Authors :
Presenting Author: Anna Maslarova, MD PhD – New York University, Grossman School of Medicine
Jiyun Shin, PhD – New York University Langone Health
Andrea Navas-Olive, PhD – Institute of Science and Technology, Austria
Mihály Vöröslakos, MD PhD – New York University, Grossman School of Medicine
Hajo Hamer, MD – University Hospital Erlangen
Arnd Doerfler, MD – University Hospital Erlangen
Simon Henin, Ph.D. – New York University Langone Health
György Buzsáki, MD PhD – New York University, Grossman School of Medicine
Anli Liu, M.D. – New York University Langone Health
Rationale:
Hippocampal sharp-wave ripples (SPW-Rs) are high-frequency oscillations critical for memory consolidation. Despite extensive characterization in rodents, their detection in humans is limited by coarse spatial sampling, interictal epileptiform discharges (IEDs), and a lack of consensus on their localization and morphology. We identified distinctive features of SPW-Rs and IEDs in mice and applied these to optimize ripple detection in humans.
Methods:
We analyzed hippocampal recordings from 5 APP/PS1 transgenic mice and 13 surgical epilepsy patients (6 temporal, 7 extratemporal). The APP/PS1 model of Alzheimer’s disease reliably expresses hippocampal IEDs but lacks frequent seizures or hippocampal sclerosis. We used wide-coverage 1024-channel probes (SiNAPS, Neuronexus), to characterize the spectrotemporal features of rodent SPW-Rs and IEDs across hippocampal subfields.
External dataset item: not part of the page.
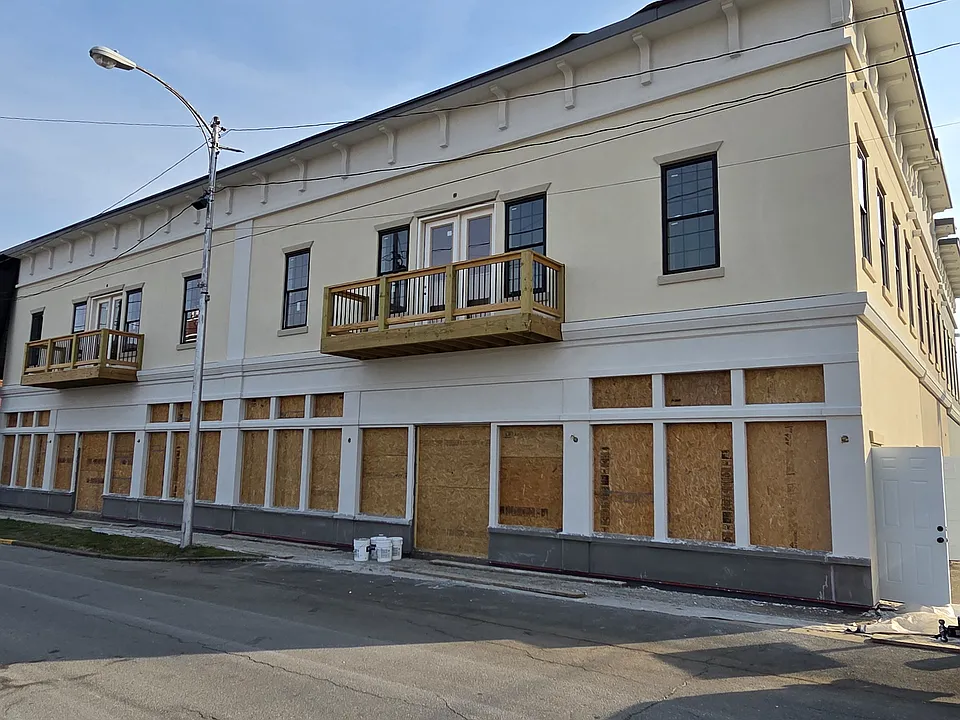 420 E E St #5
In patients implanted with hybrid macro-/microwire hippocampal electrodes (Behnke-Fried, AdTech), hippocampal subfield locations were identified via CT-MRI co-registration and ASHS segmentation. Automatic event detection was performed on band-pass filtered signals (20-80 Hz for IEDs, 130-200 Hz for rodent SPW-Rs, 80-250 Hz for human ripples). We used the spectral, spatial, and morphological features of rodent SPW-Rs and IEDs to guide detection of SPW-Rs and IEDs in human recordings.
Results:
In mice, SPW-Rs were characterized by 1) localization to the CA1 pyramidal layer with rapid decay of ripple power with distance; 2) multiple consecutive ripple cycles visible on the raw LFP, and 3) narrowband spectral peaks around 160 Hz. IEDs, by contrast, showed: 1) widespread propagation across all hippocampal subfields 2) broad spectral power (20–400 Hz), and 3) large-amplitude sharp transients lacking ripple cycles (Fig.1).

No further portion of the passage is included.